Repository files navigation

Docuer

An AI-Powered, Adaptive & Context-Aware, TikTok-Style Personalized Learning Platform

Transform any documentation website or Google Drive content into bite-sized, interactive courses with intelligent knowledge graphs and adaptive learning paths.


Features

Core Capabilities

  • Documentation-to-Course Transformation: Automatically converts technical documentation into structured, personalized learning courses
  • AI-Personalized Content: Generates bite-sized articles (160 words max) tailored to your experience level, interests, and learning goals
  • Interactive Knowledge Graph: Visual Neo4j-powered graph showing topic relationships, prerequisites, and learning paths
  • Adaptive Learning Paths: AI-curated course sequences that adapt to your profile and progress
  • Progress Tracking & Analytics: Behavioral analytics tracking completion rates, time spent, quiz scores, and learning patterns
  • Interactive Quizzes: Auto-generated assessments with multiple difficulty levels for each article
  • Google Drive Integration: Import and learn from your personal Google Drive documents
  • TikTok-Style Interface: Swipeable, mobile-first learning experience for modern learners

Intelligent Features

  • Hash-Based Content Sharing: Multiple users accessing the same documentation share cached content (cost-efficient)
  • Semantic Relationship Detection: Automatically discovers connections between topics based on concept overlap
  • Two-Phase Content Crawling: AI recommends relevant pages based on your profile before full crawling
  • Dangling Node Auto-Connection: Ensures fully connected knowledge graphs with no isolated topics
  • Behavioral Learning Insights: Identifies your preferred topics, areas of struggle, and learning patterns
  • Rate-Limited AI Processing: Built-in throttling prevents API errors and manages costs

User Experience

  • 5-Step Personalized Onboarding: Set experience level, goals, interests, and time commitment
  • Multiple Course Creation Modes:
    • Simple URL mode (auto-crawl entire documentation)
    • Advanced mode (AI-recommended page selection)
    • Google Drive import
  • Real-Time Progress Dashboard: Track completion rates, streaks, and performance
  • AI Learning Assistant: Built-in chatbot for questions and learning support
  • Fullscreen Graph Navigation: Explore interconnected topics visually

How to Use

Getting Started

  1. Login / Create Account

    • Use demo accounts (Alice - beginner, Bob - advanced) or create your own
    • Note: Current version uses prototype authentication
  2. Complete Onboarding

    • Select your experience level (Beginner, Intermediate, Advanced)
    • Choose learning goals (Career advancement, Skill development, Personal interest, etc.)
    • Pick interests (Web Development, Machine Learning, DevOps, etc.)
    • Set time commitment (hours per week)
    • Add a bio for additional personalization

Creating Courses

Method 1: Simple URL Course Creation

  1. Navigate to "Courses" page
  2. Click "Create New Course" or "+"
  3. Enter documentation URL (e.g., https://docs.python.org)
  4. Click "Create Course"
  5. AI will automatically:
    • Crawl all pages
    • Extract topics and structure
    • Generate personalized articles
    • Build knowledge graph
    • Create learning path

Method 2: Advanced Course Creation (Selective)
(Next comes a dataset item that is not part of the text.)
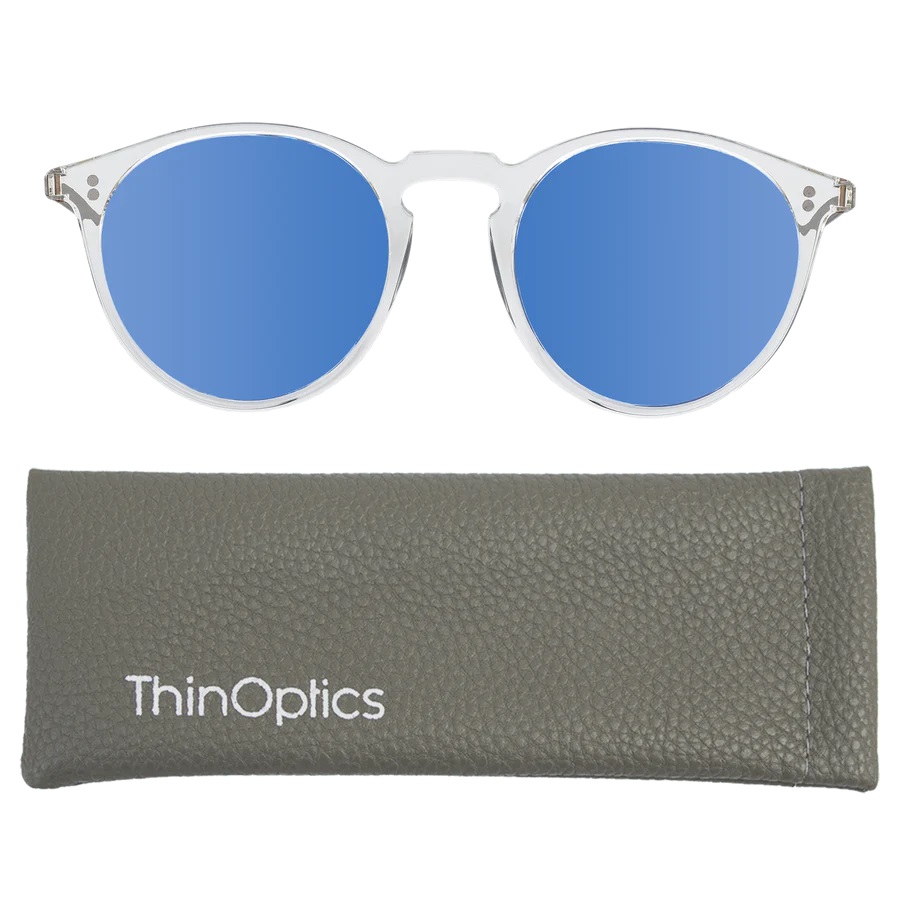 LosAltosSunglassesCrystalBluewithSoftCase2048x2048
  1. Click "Create Advanced Course"
  2. Enter documentation URL
  3. View AI-recommended pages based on your profile
  4. Select/deselect pages you want to include
  5. Click "Create Course with Selected Pages"
  6. AI processes only selected content

Method 3: Google Drive Import

  1. Click "Google Drive" integration
  2. Connect your Google Drive account (OAuth)
  3. Browse your Drive files
  4. Select documents to import
  5. Create course from selected documents

Learning Experience

  1. Browse Courses: View all your created courses with progress indicators
  2. Start Learning: Click on a course to begin
  3. Navigate Articles:
    • Read bite-sized 160-word articles
    • Swipe or use navigation buttons
    • Mark articles as complete
  4. Take Quizzes: Test your knowledge with auto-generated questions
  5. Explore Knowledge Graph:
    • Click graph icon to view topic relationships
    • Navigate by clicking nodes
    • See prerequisites and related topics
    • Fullscreen mode for detailed exploration
  6. Track Progress: View analytics dashboard with:
    • Completion percentage
    • Learning streaks
    • Quiz performance
    • Time spent learning
    • Preferred topics

Managing Content

  • Edit Course: Update course name, description, or metadata
  • Delete Course: Remove courses you no longer need
  • Sync Google Drive: Manually trigger sync for updated documents
  • Edit Profile: Update your learning preferences anytime

Setup

Prerequisites

  • Node.js: Version 20 or higher
  • npm or yarn: Package manager
  • Neo4j Database: AuraDB (cloud) or local instance
  • API Keys: Gemini, Firecrawl, Supermemory (see below)

Installation

  1. Clone the Repository

    git clone <repository-url>
    cd docuer
  2. Install Dependencies

    npm install
    # or
    yarn install
  3. Configure Environment Variables

    Copy the example environment file:

    cp .env.example .env

    Fill in your API keys and credentials in .env:

    # Firecrawl API for web scraping
    FIRECRAWL_API_KEY=your_firecrawl_api_key_here
    
    # Cohere API for topic extraction (optional fallback)
    COHERE_API_KEY=your_cohere_api_key_here
    
    # Google Gemini API for content generation
    GEMINI_API_KEY=your_gemini_api_key_here
    
    # Neo4j Database for knowledge graph
    NEO4J_URI=neo4j+s://your-instance.neo4j.io
    NEO4J_USERNAME=neo4j
    NEO4J_PASSWORD=your_neo4j_password_here
    
    # Supermemory API for user behavior tracking
    SUPERMEMORY_API_KEY=your_supermemory_api_key_here
    SUPERMEMORY_BASE_URL=https://api.supermemory.ai
  4. Set Up Neo4j Database

    Option A: Neo4j AuraDB (Recommended for Production)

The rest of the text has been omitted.